Came across a blog from Collective Intelligence on the topic of social bookmarking (tagging). I was at the Blogs & Social Media conference referenced in the article, where Keely Flint presented on the Bupa experience using Cogenz as the social bookmarking application. It occurred to me how much more successful these initiatives could be if Librarians were out there evangelising the merits of personal tagging, and how this would support more effective search and retrieval, a point also picked up by Helen Nicol. Maybe I’m reading the wrong blogs, but my perception is that most Librarians remain wedded to structured, corporate categorisation and file management systems, and haven’t yet grasped that the world is changing around them.  Sorry if I’m over-generalising, but  I’ve seen very few  articles/comments/blogs from Librarians in support of social bookmarking. Someone prove me wrong?

11 Comments so far

  1. Niall Cook on June 19th, 2007

    Thanks for the link, Steve. I think there are a few, but not many. It always surprises me that more librarians in different industries aren’t picking up on social bookmarking as something they can drive - and as you say, use to augment their existing search and retrieval knowledge bases.

  2. Steve Dale on June 19th, 2007

    Thanks for the comment Neil. I guess this is where I get inundated with lots of complaints from librarians who are doing stuff with social bookmarking. I’ll wait and see!

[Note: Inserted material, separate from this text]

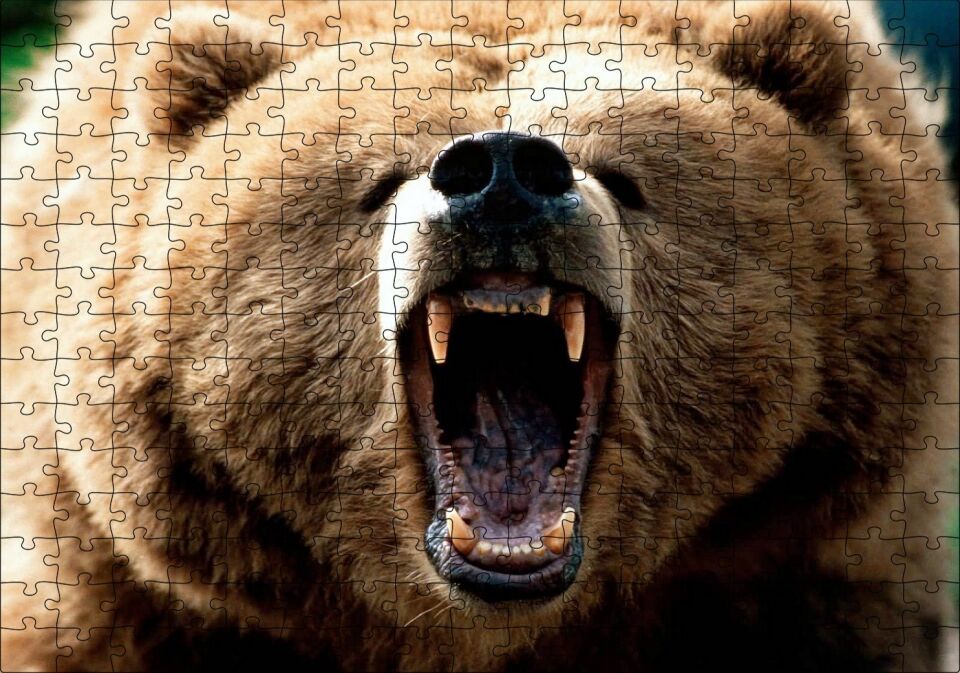 Agresif Boz Ayı Yakın Çekim Puzzle Yapboz MDF Ahşap 255 Parça 34 cm X 49 cm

  3. Dave Briggs on June 19th, 2007

    Phil Bradley is a pretty switched on librarian type, Steve - http://www.philbradley.typepad.com/

  4. Anne Welsh on June 19th, 2007

    Helen (Nicol) sent me your way, so I feel obliged to say that there are, indeed, lots of information professionals tagging. I carry links to research (mostly by information professionals) about tagging on Catalogue & Index Blog, if you’re interested - http://communities.cilip.org.uk/blogs/catalogueandindex/archive/tags/folksonomies/default.aspx

    Judging by the number of information professionals and other taxonomy designers active in blogging, social bookmarking and creating wikis, the information-trained tagger / folksonomist is alive and well.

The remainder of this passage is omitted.